Using AI for Good and Not for Evil — Generating Images with Just Noise
Using GANs for data augmentation to prevent power outages and fires sparked by falling trees and storms.
How I get here
I’m a software engineering and co-founder of a consultancy. The moment I heard about Omdena, I recalled that I already had some experience mostly in image processing using tools like OpenCV and Tensorflow to implement some simple convolutional neural network. But by no means, I consider myself an expert of some sort in the field. Just a tweet from a friend introduced me to Omdena. That was all. Once I got in touch with them to learn more about this community, I got really excited, for the high diversity of the people in the challenge. I was thinking about how could I learn from them.
My first contact with GAN’s
The problem for the challenge that I enrolled was to find a way to create an AI model to detect trees in satellite images more accurately, essentially, how we can teach a machine to differentiate between trees, from other things green in a picture, like grass, farmlands, bushes, etc. This aligned as a part of the solution of a bigger problem that was to prevent fires in the forest.
In the beginning, we divided the work into subtasks and took a strategy to approach the problem. And for some reason I ended up in the GAN team, despite at the time, I didn’t know what they do exactly. But I started to read some documents shared by the team members. I did some research by myself, and then I understood what they do and how we can actually use them. I discovered that it was something that I already heard about, but with different applications, as deep-fake uses or to generate an image of an older you (examples of not very ethical uses or trivial uses at the best). But how we can use this technology in the challenge? This is the interesting part. Another subtask was started by another team. This task was to start using the available dataset of the images and label the important parts of interest like the trees and the things that weren’t trees. This is a very important step because this was the information that was going to be used. The purpose of it is to train the model to detect these features. But also this is one of the most time-consuming processes. So the idea was to use a GAN to generate synthetic images already pre-labelled for data augmentation. This was for the other models to train them without the effort to label them manually.
That is to say, instead of label a real image, create a fake one that looks like a real one, but from a template where we already know where we are going to be the trees and the things that are not trees.

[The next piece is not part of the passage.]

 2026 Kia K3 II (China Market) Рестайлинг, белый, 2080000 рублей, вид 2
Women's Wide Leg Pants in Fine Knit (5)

In the beginning, I was a little skeptical. How can this be even possible to accomplish and where to start? So let’s start from the beginning. What is a GAN any way? The GAN stands for Generative Adversarial Network, which is essentially applying game theory and put a couple of artificial neural networks to compete with each other while they are trained at the same time. One network tries to generate the image and the other tries to detect if it is real or fake. Actually, it is something very simple, but pretty effective too. This is clearer with an image:
But again, how can we use this to accomplish our goal? It turns out that there is a kind of GAN named pix2pix. This kind of GAN can be used as an input, a pre-defined sketch of the real one. Like take a doodle and from there build a picture like a landscape or anything you want. An example of this is the application that Nvidia did to generate artificial landscapes.
Ok, so maybe this can work. At that moment the label team has already labeled some images, so if we use these labels to build some doodles, then we can use this to train a GAN to generate the images. It actually works!

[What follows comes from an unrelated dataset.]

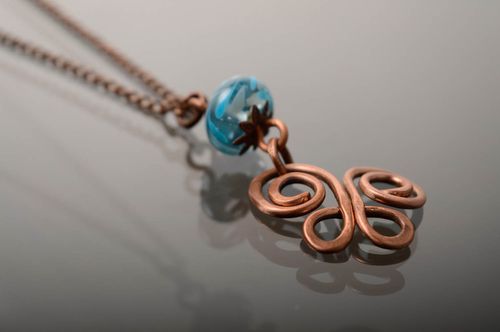 Colgante de cobre en técnica de alambrismo Mariposa - MADEheart.com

So now we just need to find a way to generate random doodles to feed the pix2pix GAN. So here is another GAN to the rescue, a DCGAN in this case. So, in this case, the idea was to generate a random doodle from random noise. Getting something like this:
And finally putting all the pieces together, with the help of some Python and Opencv code, we end up with a script that generates a 100% random image from pure noise with the corresponding labels. At the moment we can generate thousands of synthetic images with their corresponding labels in a JSON file in coco format. For the labels, we use the doodle to get labels by masking the colors and then build the synthetic images from the doodle.
For now, the results look promising, but they are just preliminary results and can be enhanced, for example, the labels that we use, only had labels for trees or not trees, this can be enhanced by another label to make the model more specific and accurate, like for example also label roads, fields, buildings, lakes, rivers and so on, to make the model generate this stuff.
Finally, it is very satisfying to learn how to use these tools and technics and how we can use them to help to solve part of a problem, maybe just a little part of the problem individually but a larger part of it together as a community of people that just want to help and make a difference.
During this process, they can also learn, learn from each other and interact as co-workers and co-learners.